Pandora’s Box (Preview)
Reviewed by Thomas Doherty
Produced by Heinz Landsmann; directed by G. W. Pabst; screenplay by Ladislaus Vajda, adapted from the Frank Wedekind plays Erdgeist and Die Büchse der Pandora; cinematography by Günther Krampf; edited by Joseph Fleisler; art direction by Andrei Andreiev and Gottlieb Hesch; starring Louise Brooks, Fritz Kortner, Franz Lederer, Carl Goetz, Krafft-Raschig, Alice Roberts, Daisy D’Ora, Gustav Diessl, Michael Von Newlinsky, and Siegfried Arno. Blu-ray, B&W, German intertitles with English subtitles, 141 min., 1929. A Criterion Collection release.

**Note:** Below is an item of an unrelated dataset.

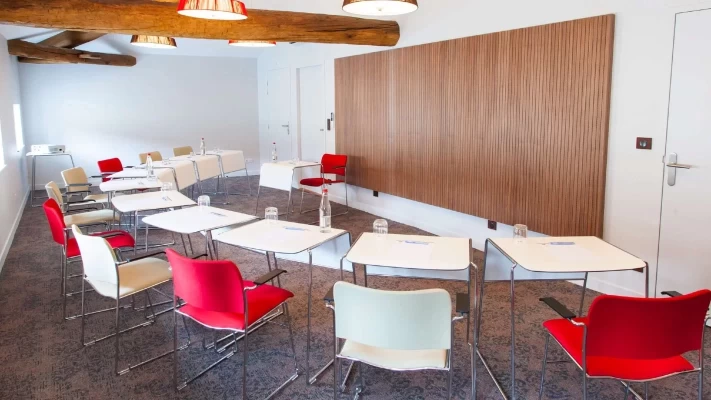 Salle de réunion  idéal pour votre activité professionnelle à Toulon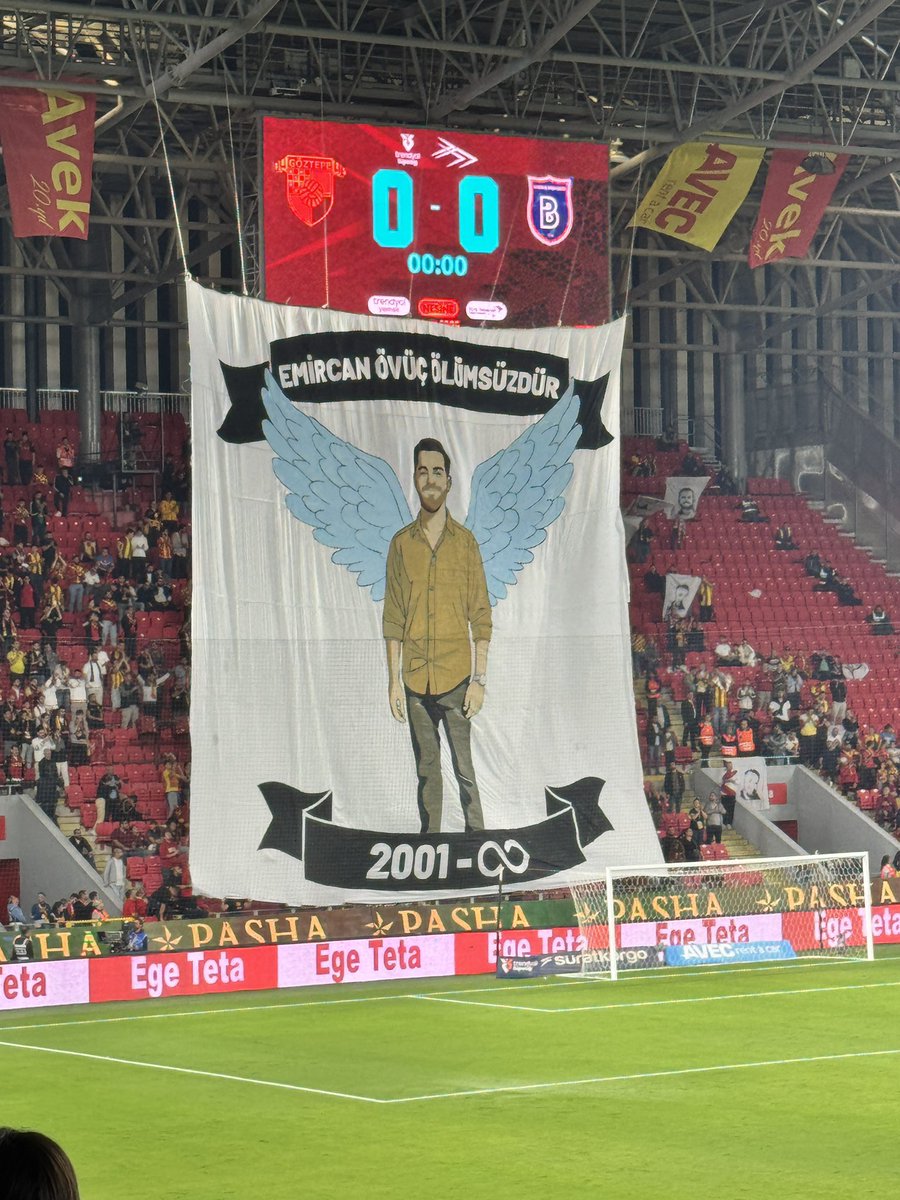 edc1925's tweet image. Yarıda kaldı türküler aman
Bu yaraya deva değil zaman
Ateş düştüğü yeri yakar
Bu düzeni bozuk dünya yalan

Since, oh, 1955, when film archivist Henri Langlois of the Cinémathèque française exclaimed “There is no Garbo! There is no Dietrich! There is only Louise Brooks!” silent film fangirls-and-boys, mostly boys, have been in a fierce competition for hyperbolic expressions of adoration, scouring thesauruses to find superlatives commensurate with the intensity of their rapture for the object of desire. “Louise is the perfect apparition, the dream woman without whom the cinema would be a poor thing,” sighed Ado Kyrou in Amour-Érotisme et cinéma in 1967, but it was Kenneth Tynan who, in 1979 in his New Yorker profile “The Girl in the Black Helmet,” outdid everyone in the supplicant sweepstakes with a litany of besotted hosannahs of such orgasmic fervor (“the only star actress I can imagine either being enslaved by or wanting to enslave”), that he, upon completion of the assignment, must have laid back, spent but satisfied, and smoked a Gitane.

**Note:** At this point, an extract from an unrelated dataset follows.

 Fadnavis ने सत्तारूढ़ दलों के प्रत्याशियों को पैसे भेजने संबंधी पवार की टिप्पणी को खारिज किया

The Criterion Collection’s new Blu-ray edition of Pandora’s Box thus serves not only as occasion to savor a masterpiece of late Weimar cinema before le deluge but also to contemplate the curious phenomenon that is the cult of Louise Brooks (though nowadays it is more akin to a full-blown religion). Not so much rediscovered as seen for the first time, she is the supreme example of a screen icon in retrospect, a face obscure then but preeminent now, reborn as the true It Girl of the silent cinema.
Lulu (Louise Brooks) meets an untimely end at the hands of Jack the Ripper in Pandora’s Box (1929).
No original negative of Pandora’s Box seems extant, so the Criterion release has been stitched together from three prints from Paris, Prague, and Moscow—the age of Internet communication facilitating interarchive cooperation and the magic of digital restoration programs generating a respectful touch-up but not a distorting makeover. It showcases a crisp new 2K transfer but the wraparound extras basically repackage the material from Criterion’s 2006 DVD release. One difference: the running time of the 2006 version is 133 minutes while the running time of the 2024 edition is 141 minutes. The difference, as restoration supervisor Martin Koerber told us, is due not to frame-rate adjustments but because the “new master is actually a different cut of the film. The differences are all slight—a few frames here or there, different intertitle placements and lengths—but they add up over time.” The restoration was funded by the late Hugh M. Hefner, impresario of the once hegemonic Playboy empire: even in death, Brooks is the beneficiary of the largess of doting millionaires, a species that, as her rival Marlene Dietrich might have sung, clustered to her like moths around a flame.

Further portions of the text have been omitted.